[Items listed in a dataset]
-*-

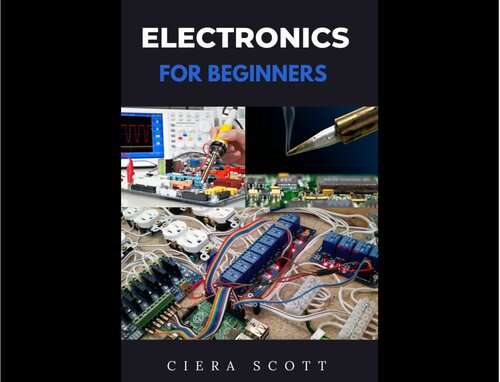 Electronics for Beginners: A Practical Introduction to Understanding and Working With Electronics (PDF/EPUB Version)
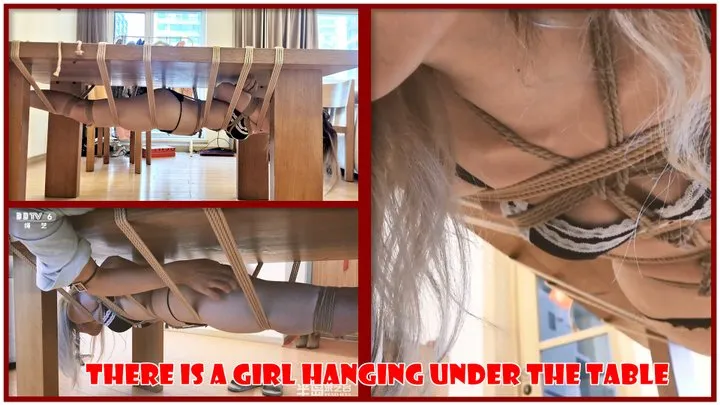 There Is A Girl Hanging Under The Table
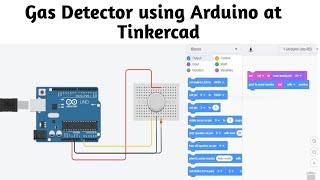 #17 Gas sensor tinkercad in English | gas detector | tinkercad arduino simulator | block code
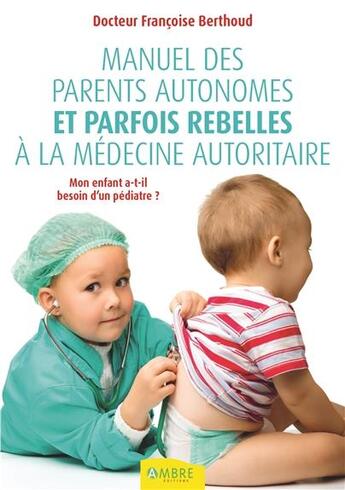 Couverture du livre « Manuel des parents autonomes et parfois rebelles à la médecine autoritaire » de Francoise Berthoud aux éditions Ambre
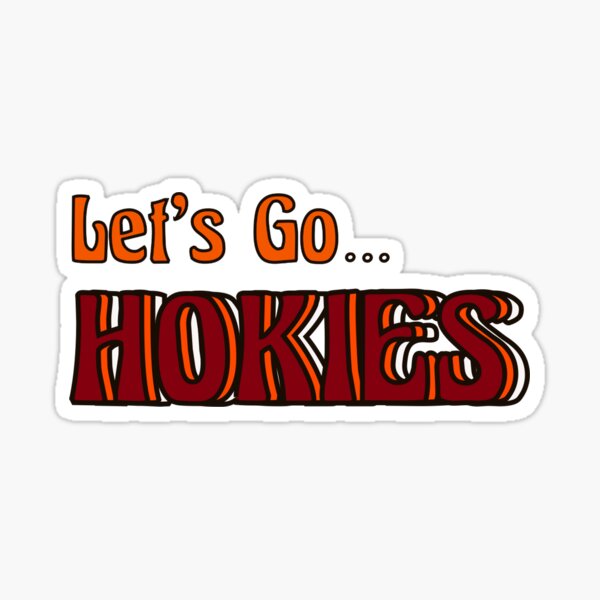 Let’s go Hokies Sticker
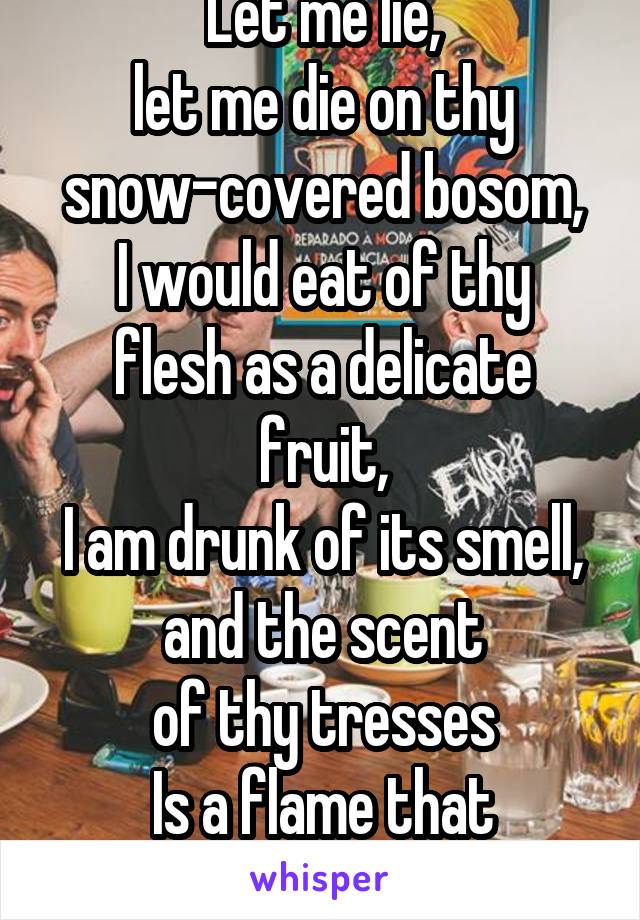 Let me lie,
let me die on thy snow-covered bosom,
I would eat of thy flesh as a delicate fruit,
I am drunk of its smell, and the scent
of thy tresses
Is a flame that devours.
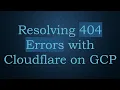 Resolving 404 Errors with Cloudflare on GCP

-*-

→ **What this task involves**
Copy out all the records exactly as they read, and omit the pictures.

→ **Expected output**
 Electronics for Beginners: A Practical Introduction to Understanding and Working With Electronics (PDF/EPUB Version)
 There Is A Girl Hanging Under The Table
 #17 Gas sensor tinkercad in English | gas detector | tinkercad arduino simulator | block code
 Couverture du livre « Manuel des parents autonomes et parfois rebelles à la médecine autoritaire » de Francoise Berthoud aux éditions Ambre
 Let’s go Hokies Sticker
 Let me lie,
let me die on thy snow-covered bosom,
I would eat of thy flesh as a delicate fruit,
I am drunk of its smell, and the scent
of thy tresses
Is a flame that devours.
 Resolving 404 Errors with Cloudflare on GCP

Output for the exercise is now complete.